# What are you carrying in the morning?



## bountyhunter (Jul 6, 2005)

Here is my gear I'll be heading to the woods with in the morning, I've taken a big step back in time this year. The bow is an Osage Selfbow built here in Texas from Texas wood. The Arrows are all Sitka Spruce with two style of Trade Points and two Stone points. I'm really excited and can't wait till morning comes tomorrow.

What are y'all carrying?


----------



## TxBrewer (Jul 23, 2011)

Very very cool setup. 

Besides my bow and release I will have a rangefinder, small LED light, and some granola.


----------



## slabnabbin (May 25, 2010)

I'll be carrying something a little more modern. Destroyer slinging fmj's with rages


----------



## rubberducky (Mar 19, 2010)

I will be carrying my butt to work lol.
Good luck guys
James


Sent from my iPhone using Tapatalk because Reeltime told me to


----------



## sir catches alot (Jun 23, 2011)

Hoyt Vectrix. Hands down to your setup,I would starve to death without quick release,peep,carbon arrows, range finder etc.


----------



## oakforestmx (Feb 9, 2011)

slabnabbin said:


> I'll be carrying something a little more modern. Destroyer slinging fmj's with rages


:cheers:


----------



## bountyhunter (Jul 6, 2005)

sir catches alot said:


> Hoyt Vectrix. Hands down to your setup,I would starve to death without quick release,peep,carbon arrows, range finder etc.

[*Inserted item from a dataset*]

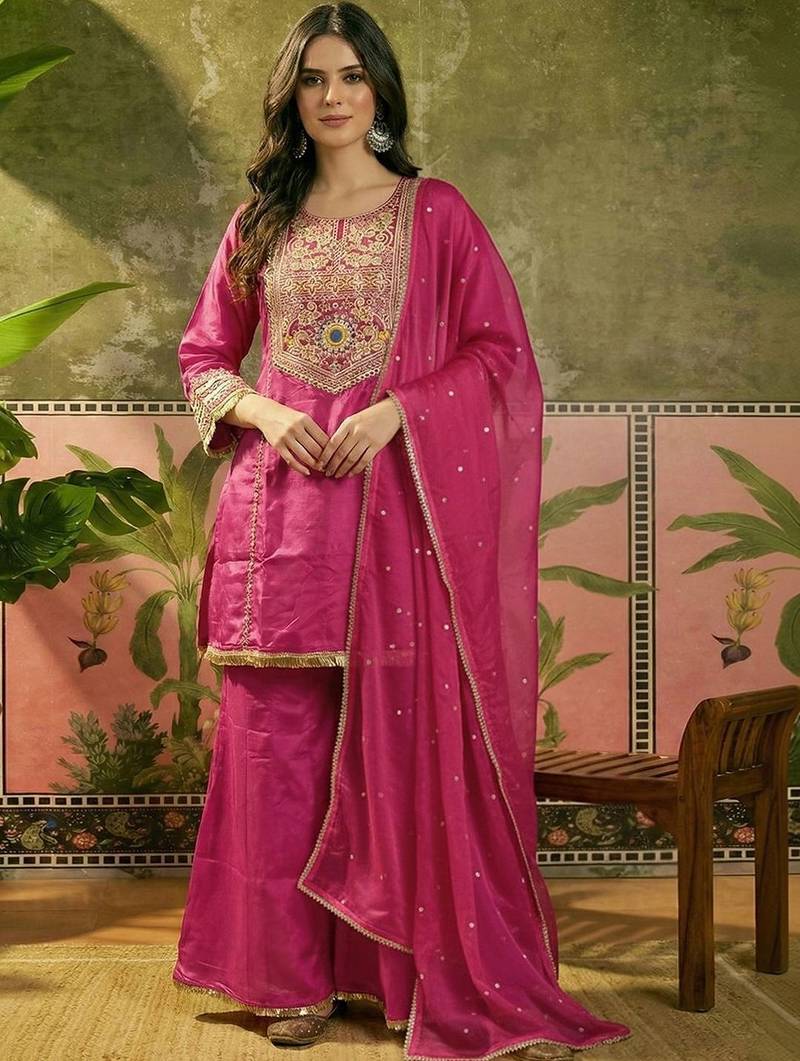 Embroidered round neck straight kurti & palazzos with dupatta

Naw, all it takes is time, practice, and being really hardheaded at times. Anyone can shoot traditional gear if they set their mind to wanting to do it.

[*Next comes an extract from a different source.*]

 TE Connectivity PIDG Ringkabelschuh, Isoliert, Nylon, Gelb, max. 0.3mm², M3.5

Good luck though, we are all brothers/sisters of the bow, no matter what type we use to throw an arrow.


----------



## dc1502 (May 25, 2006)

Here is my rig for this season.....................


----------



## berto (Oct 14, 2004)

Well my little girl wakes up at 5 to eat im willing to bet ill be holding her. 

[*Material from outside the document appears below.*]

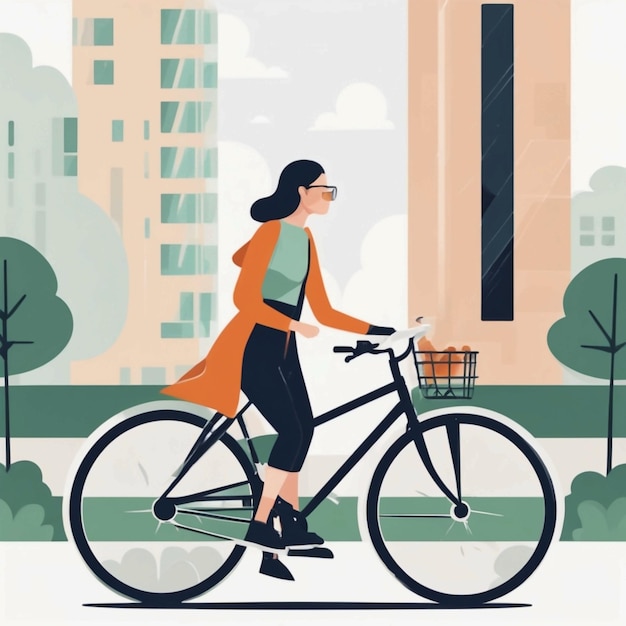 Mulher a andar de bicicleta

This year the z7 tactical will have to sit on the back burner .


----------



## cajunasian (Mar 7, 2007)

My DXT with Gold tip arrows capped off with 2 bladed rage. My thermo-cell and my Kimber .45.


----------



## xtreme (Jan 9, 2010)

I have to get up and go to a strip club at 7 am to fix the LED bottle racks that they shorted out yesterday.


----------



## Miles2Fish (Dec 2, 2008)

I will be carrying an Evotek bow made in Conroe TX shooting Rage 2" mechanicals...


----------